The CATCH block is only executed if an exception occurs; it contains the error handling code. After processing the CATCH block, the program continues from the statement immediately following __ENDTRY.

The __CATCH statement takes the form of the keyword __CATCH followed, in brackets, by a variable of type __SYSTEM.ExceptionCode. The __SYSTEM.ExceptionCode data type contains a list of all possible exceptions. If an exception occurs, causing the CATCH block to be called, this variable can be used to query the cause of the exception.

The following example divides two elements of an array by each other. The array is passed to the function using a pointer. If the return value is negative, an error has occurred. The negative return value provides additional information on the cause of the exception:

FUNCTION F_Calc : LREAL
VAR_INPUT
  pData     : POINTER TO ARRAY [0..9] OF LREAL;
  nElementA : INT;
  nElementB : INT;
END_VAR
VAR
  exc       : __SYSTEM.ExceptionCode;
END_VAR
 
__TRY
  F_Calc := pData^[nElementA] / pData^[nElementB];
__CATCH (exc)
  IF (exc = __SYSTEM.ExceptionCode.RTSEXCPT_ARRAYBOUNDS) THEN
    F_Calc := -1;
  ELSIF ((exc = __SYSTEM.ExceptionCode.RTSEXCPT_FPU_DIVIDEBYZERO) OR
         (exc = __SYSTEM.ExceptionCode.RTSEXCPT_DIVIDEBYZERO)) THEN
    F_Calc := -2;
  ELSIF (exc = __SYSTEM.ExceptionCode.RTSEXCPT_ACCESS_VIOLATION) THEN
    F_Calc := -3;
  ELSE
    F_Calc := -4;
  END_IF
__ENDTRY

The ‘finally’ statement

The optional __FINALLY statement can be used to define a block of code that will always be called whether or not an exception has occurred. There’s only one condition: the program must step into the TRY block.

We’re going to extend our example so that a value of one is added to the result of the calculation. We’re going to do this whether or not an error has occurred.

FUNCTION F_Calc : LREAL
VAR_INPUT
  pData     : POINTER TO ARRAY [0..9] OF LREAL;
  nElementA : INT;
  nElementB : INT;
END_VAR
VAR
  exc       : __SYSTEM.ExceptionCode;
END_VAR
 
__TRY
  F_Calc := pData^[nElementA] / pData^[nElementB];
__CATCH (exc)
  IF (exc = __SYSTEM.ExceptionCode.RTSEXCPT_ARRAYBOUNDS) THEN
    F_Calc := -1;
  ELSIF ((exc = __SYSTEM.ExceptionCode.RTSEXCPT_FPU_DIVIDEBYZERO) OR
         (exc = __SYSTEM.ExceptionCode.RTSEXCPT_DIVIDEBYZERO)) THEN
    F_Calc := -2;
  ELSIF (exc = __SYSTEM.ExceptionCode.RTSEXCPT_ACCESS_VIOLATION) THEN
    F_Calc := -3;
  ELSE
    F_Calc := -4;
  END_IF
__FINALLY
  F_Calc := F_Calc + 1;
__ENDTRY

Sample 1 (TwinCAT 3.1.4024 / 32 Bit) on GitHub

The statement in the FINALLY block (line 24) will always be executed whether or not an exception has occurred.

If no exception occurs within the TRY block, the FINALLY block will be called straight after the TRY block.

If an exception does occur, the CATCH block will be executed first, followed by the FINALLY block.
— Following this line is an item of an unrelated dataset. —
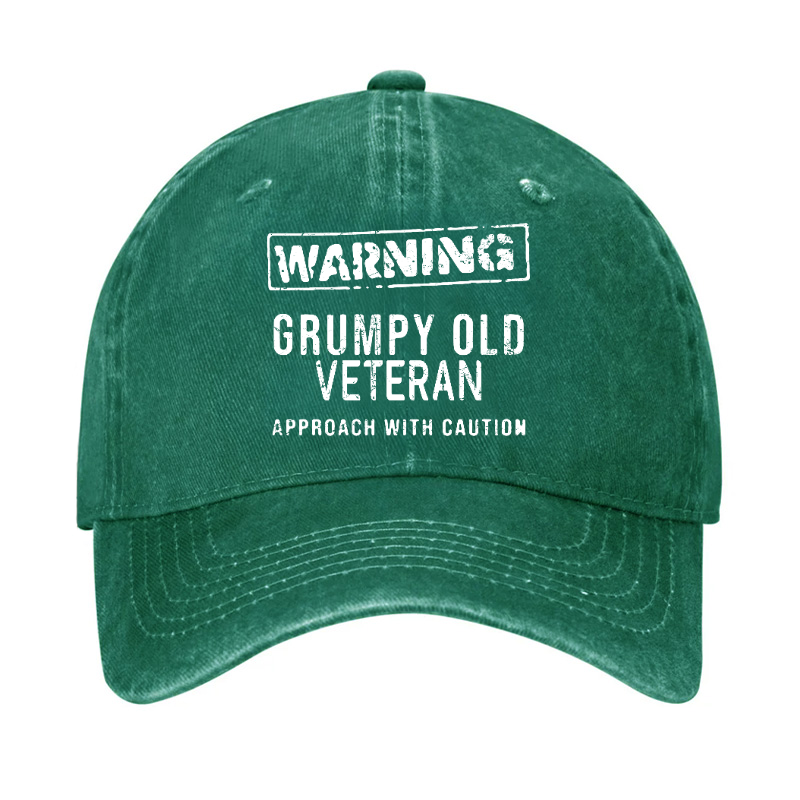 Warning Grumpy Old Veteran Approach With Caution Hat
Only then will the program exit the function.

__FINALLY therefore enables you to perform various operations irrespective of whether or not an exception has occurred. This generally involves releasing resources, for example closing a file or dropping a network connection.
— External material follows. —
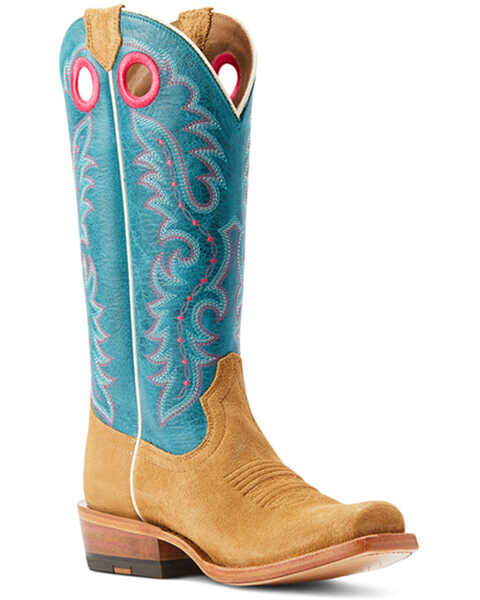 Image #1 - Ariat Women's Futurity Boon Western Boots - Square Toe, Tan/turquoise, hi-res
Extra care should be taken in implementing the CATCH and FINALLY blocks. If an exception occurs within these blocks, it will give rise to an unexpected runtime error, resulting in an immediate uncontrolled program stop.
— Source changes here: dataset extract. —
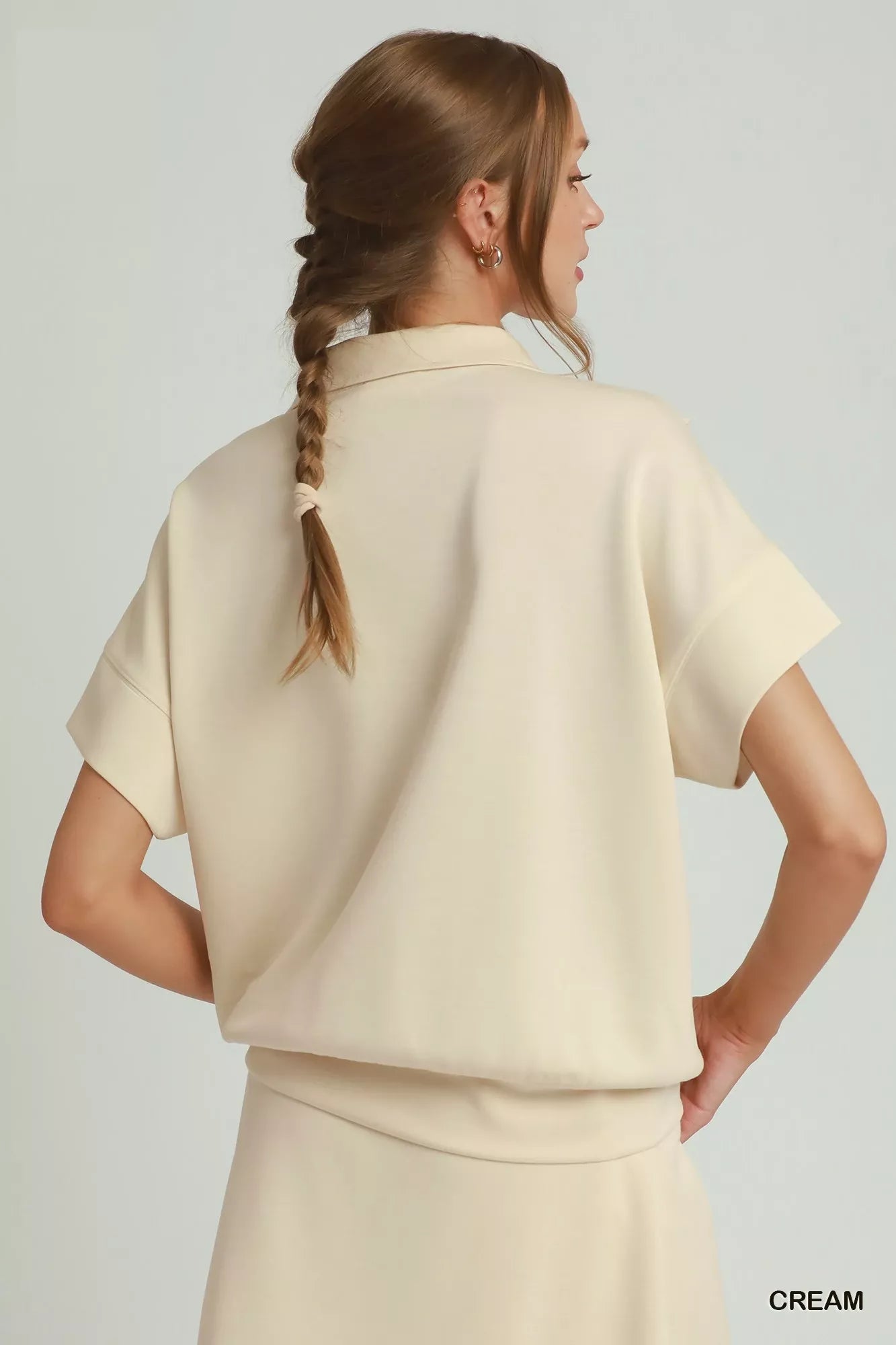 Umgee Ruffle Quarter Zip Short Sleeve Top CREAM view 3 (top) - umgee ruffle sleeve top, umgee ruffle ne - shop at us.meeeshop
The sample program runs under 32-bit TwinCAT 3.1.4024 or higher. 64-bit systems are not currently supported.

  1. CAR
    July 30, 2019 at 12:19 PM

    Sorry if its a stupid question but.
    Why doesn’t it work with 64 systems ?

    • July 30, 2019 at 4:12 PM

      In the case of an exception, quite a lot happens internally. For example, the stack must be cleaned. Especially with deeply nested method calls, this can mean a lot of work. I suspect that memory management is structured under 32 bit differently than under 64 bits. However, I assume that this will be implemented for 64 bit systems in a later build.